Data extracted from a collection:
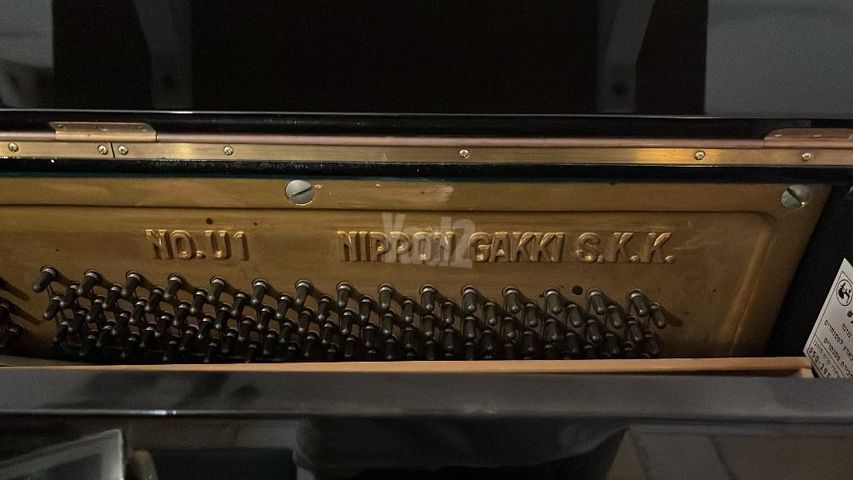 פסנתר YAMAHA U1
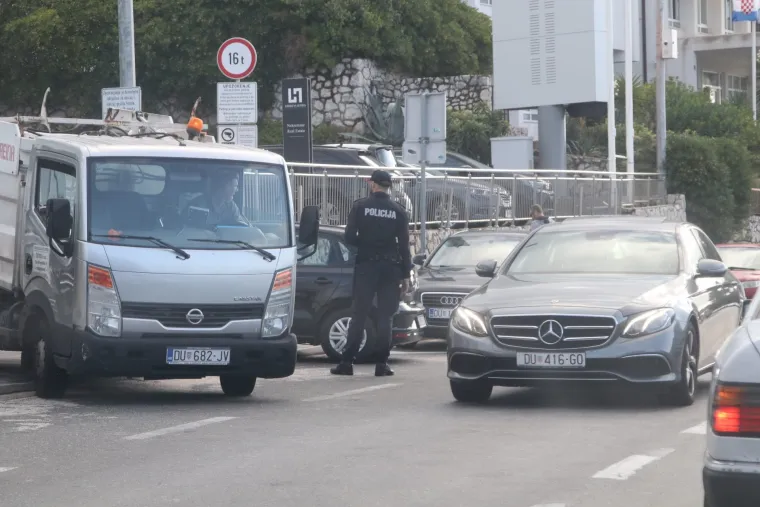 Policija, vojska, psi, postavljene trake. Uklonjeni čak i kontejneri. Dubrovnik je spreman za Zelenskog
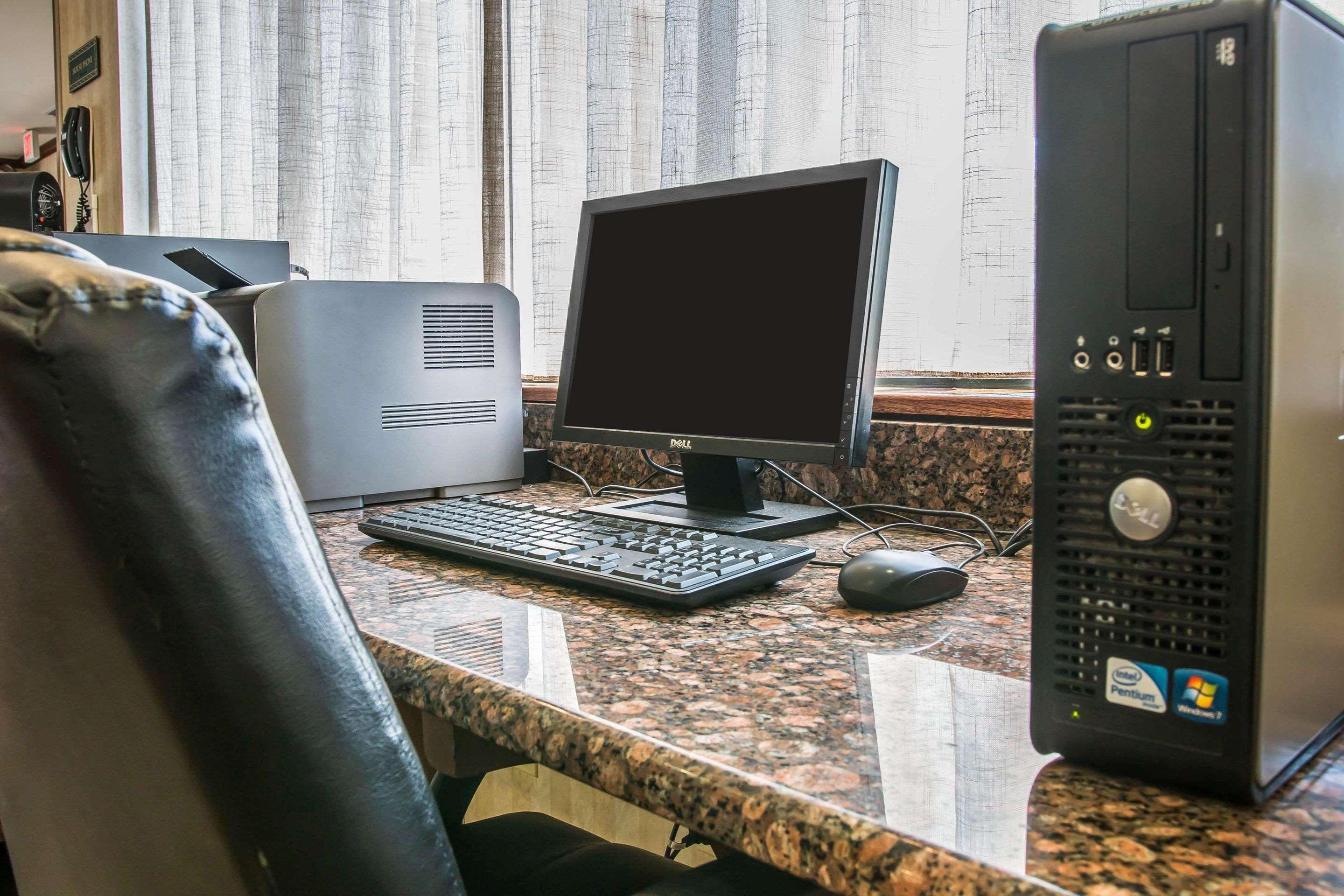 Comfort Suites Canton - Detroit Bagian luar foto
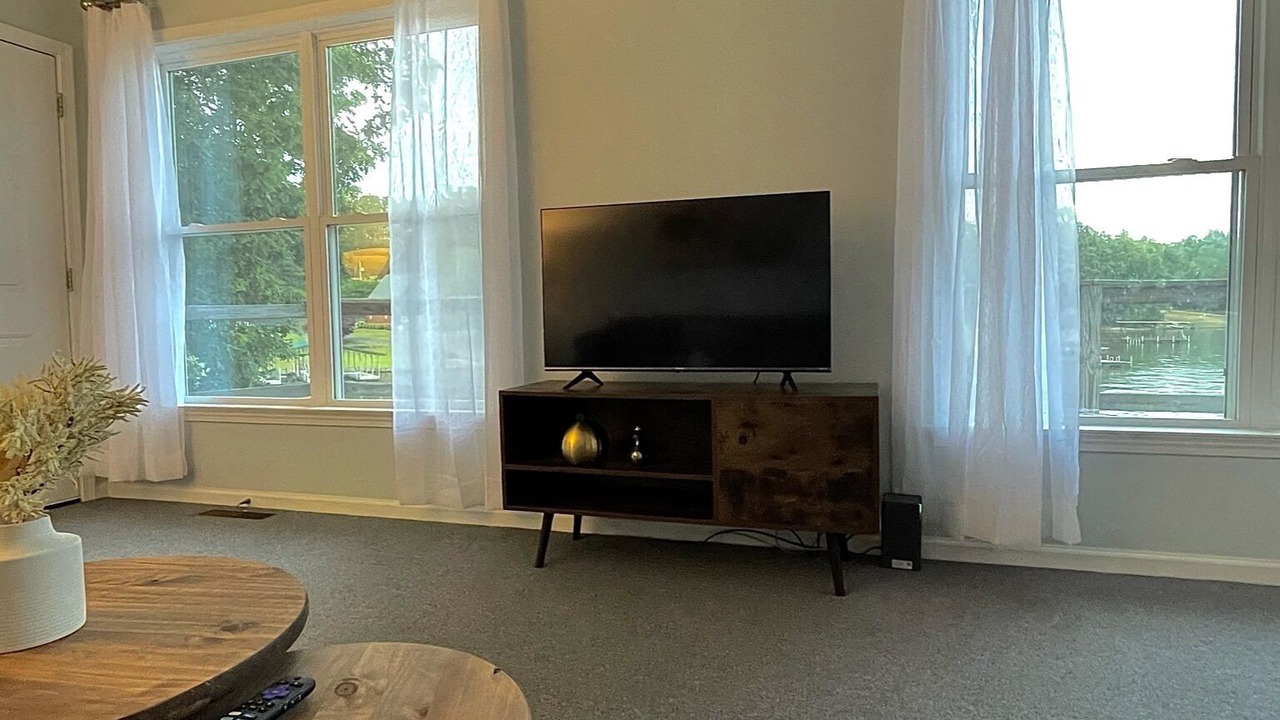 Photo of Others in Lake Secession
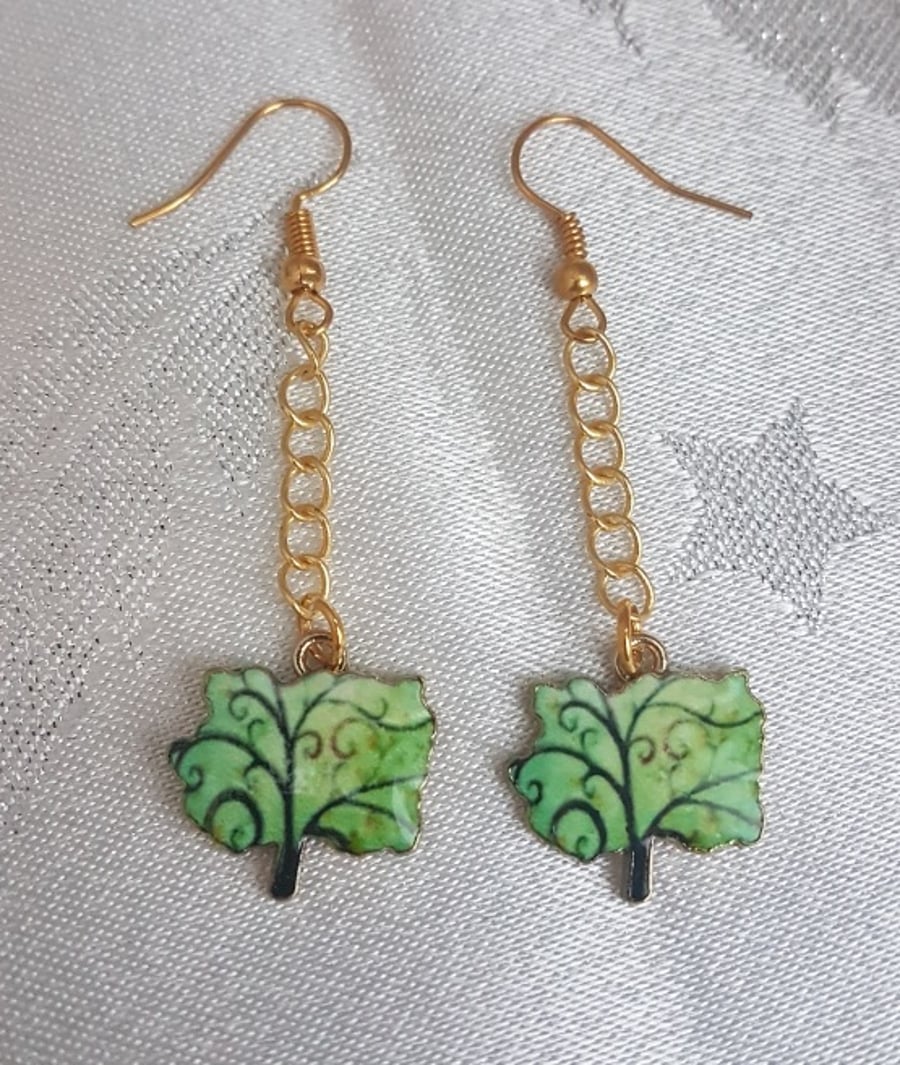 Gorgeous Tree of Life Earrings - Gold tones.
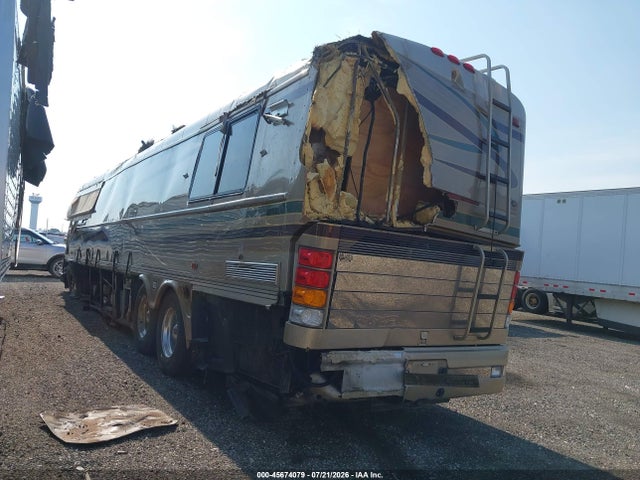 45674079 :رقم المزاد ، 1BBCRB982WF080792 vin ، 1998 Blue Bird Mpv مزاد بيع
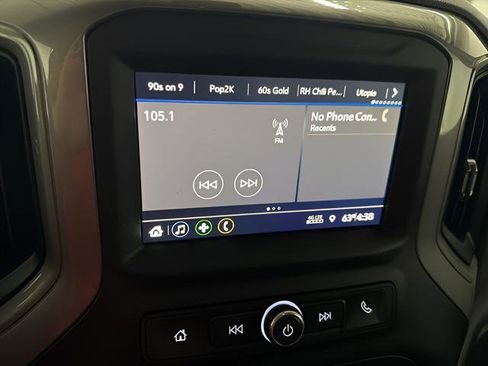 Used 2020 Chevrolet Silverado 1500 Custom w/ Custom Value Package image 18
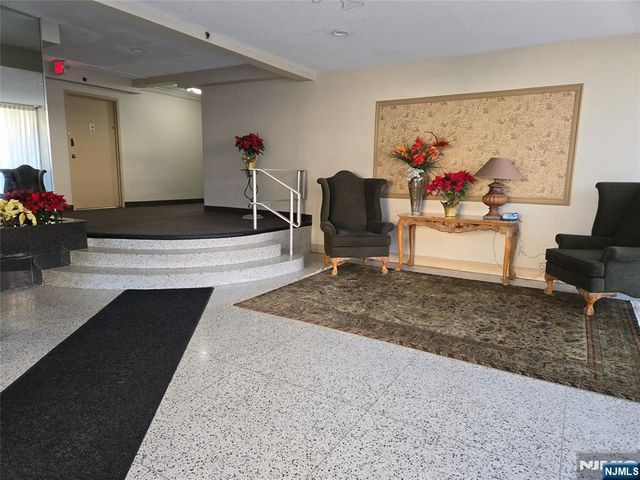 2348 Linwood Avenue 3L, Fort Lee, NJ 07024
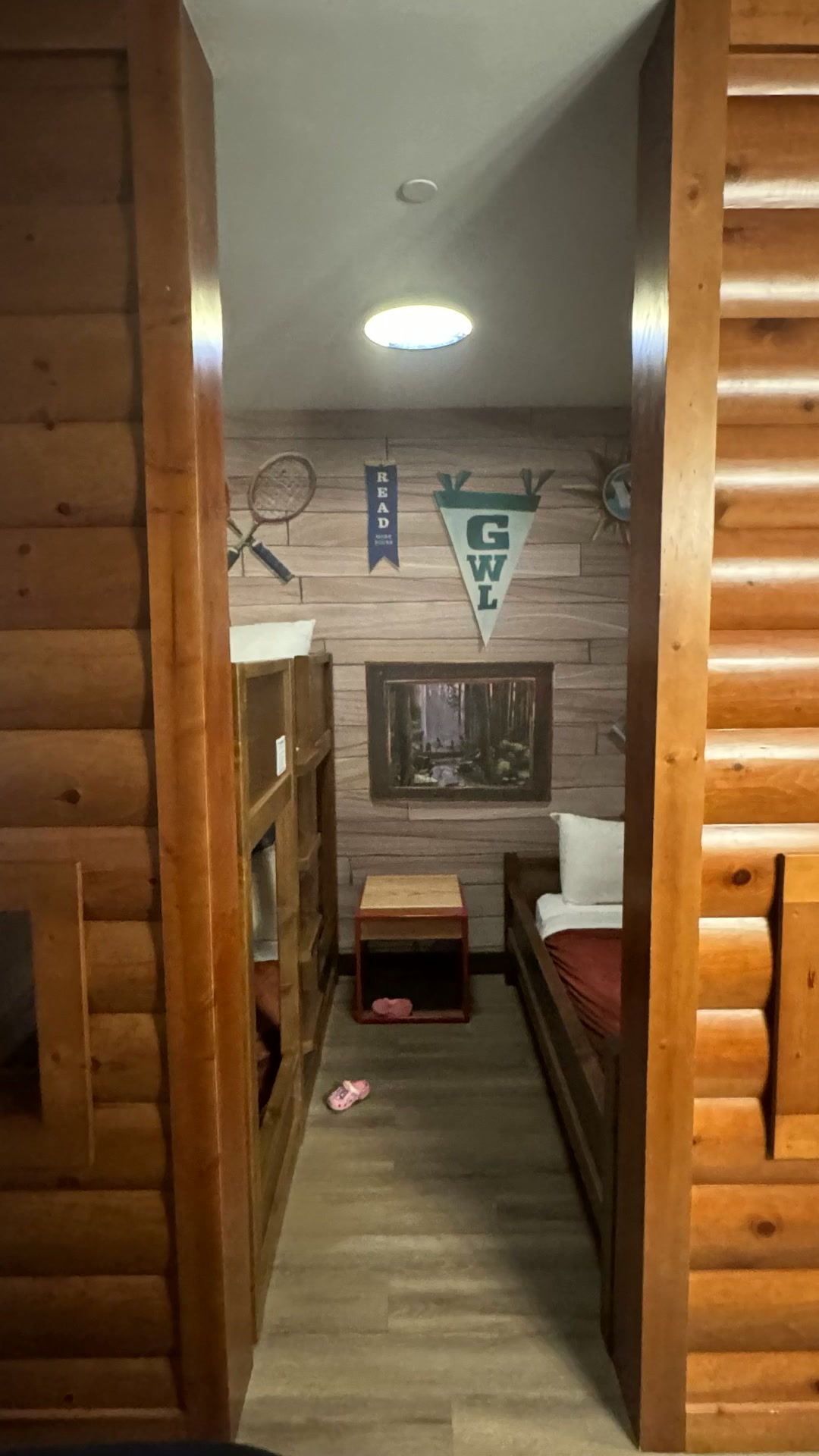 Entrada a la cabaña infantil de la KidCabin Suite, con litera y cama individual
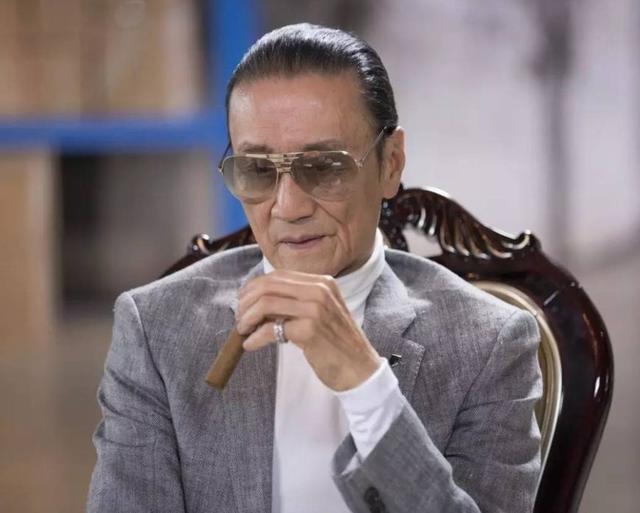 曾经70多岁的谢贤找了小49岁的女友coco公开宣布我对她是有爱的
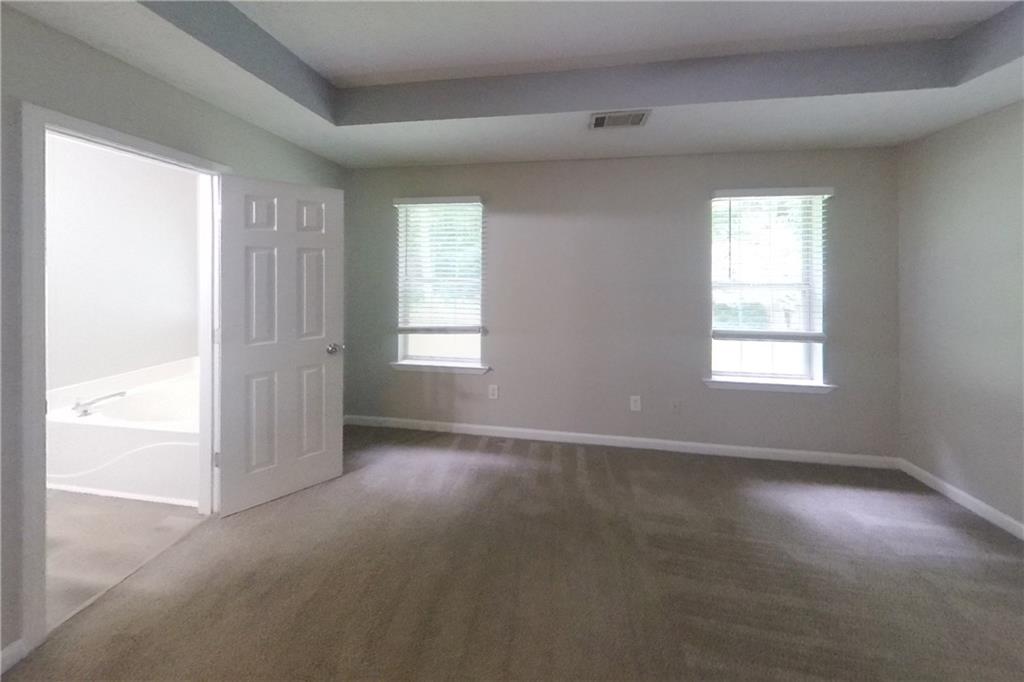 7818736 Property Photo 5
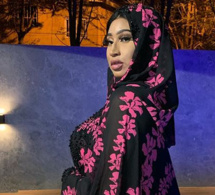 Diaba Sora la sulfureuse Kim Kardashian malienne a rangé toutes ses tenues sexy.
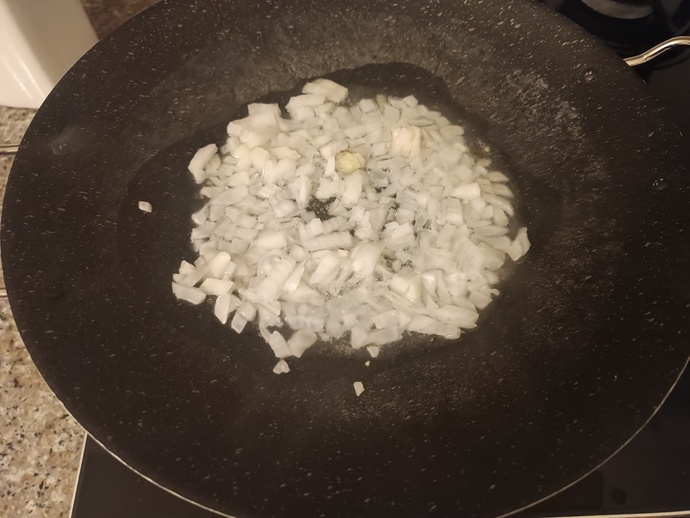 Pilavın Yanına Yakışacak Porsiyonluk Bir Yemek: Güveçte Patates Oturtma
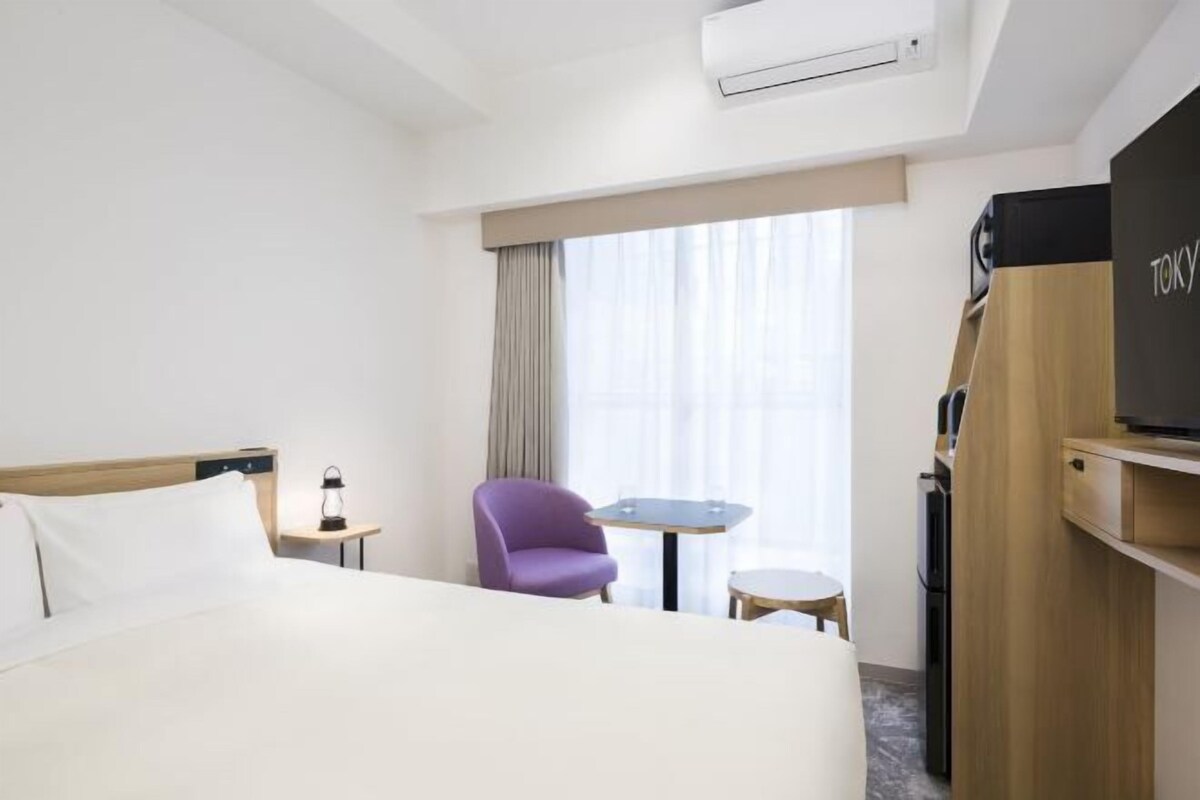 Down comforters, in-room safe, blackout drapes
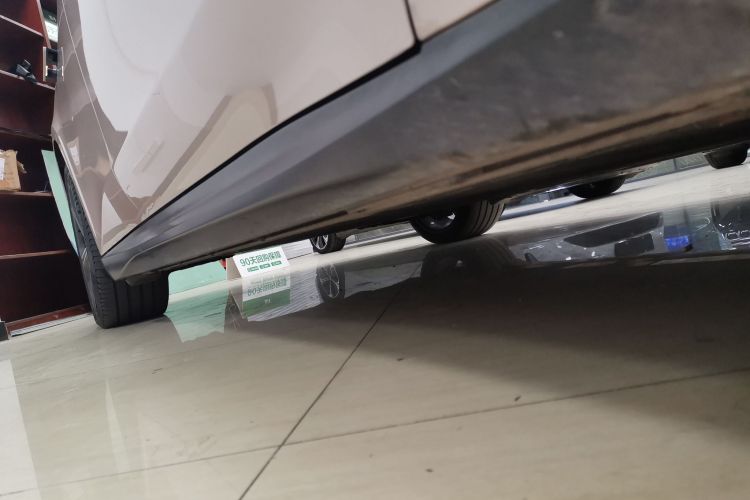 蔚来ET5T 2023款 75kWh Touring局部细节9001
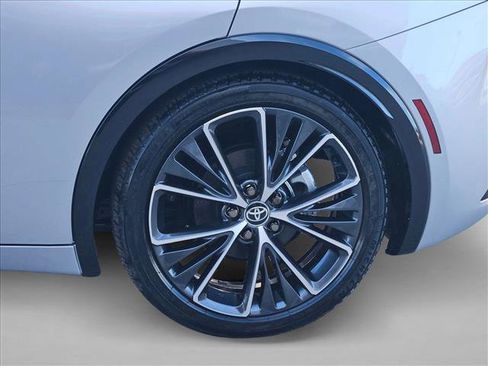 Used 2025 Toyota Prius XLE image 23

# The problem
Please repeat, exactly and with nothing else, the lines from the one containing "2348 Linwood Avenue 3L, Fort Lee, NJ 07024" to the last line of the entries, both included, excluding any pictures.

# Answer space
 2348 Linwood Avenue 3L, Fort Lee, NJ 07024
 Entrada a la cabaña infantil de la KidCabin Suite, con litera y cama individual
 曾经70多岁的谢贤找了小49岁的女友coco公开宣布我对她是有爱的
 7818736 Property Photo 5
 Diaba Sora la sulfureuse Kim Kardashian malienne a rangé toutes ses tenues sexy.
 Pilavın Yanına Yakışacak Porsiyonluk Bir Yemek: Güveçte Patates Oturtma
 Down comforters, in-room safe, blackout drapes
 蔚来ET5T 2023款 75kWh Touring局部细节9001
 Used 2025 Toyota Prius XLE image 23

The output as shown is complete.